======== Data records

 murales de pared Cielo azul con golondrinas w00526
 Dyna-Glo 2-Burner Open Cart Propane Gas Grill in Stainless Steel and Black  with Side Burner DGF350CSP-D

================
======== Data records

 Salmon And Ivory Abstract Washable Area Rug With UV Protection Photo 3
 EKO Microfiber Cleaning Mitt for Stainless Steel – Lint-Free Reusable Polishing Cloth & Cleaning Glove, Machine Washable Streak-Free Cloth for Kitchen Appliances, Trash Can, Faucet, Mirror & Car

================

Word for word, restate the lines above from the line containing "murales de pared" through the line containing "Dyna-Glo 2-Burner Open", with both included and nothing else.

 murales de pared Cielo azul con golondrinas w00526
 Dyna-Glo 2-Burner Open Cart Propane Gas Grill in Stainless Steel and Black  with Side Burner DGF350CSP-D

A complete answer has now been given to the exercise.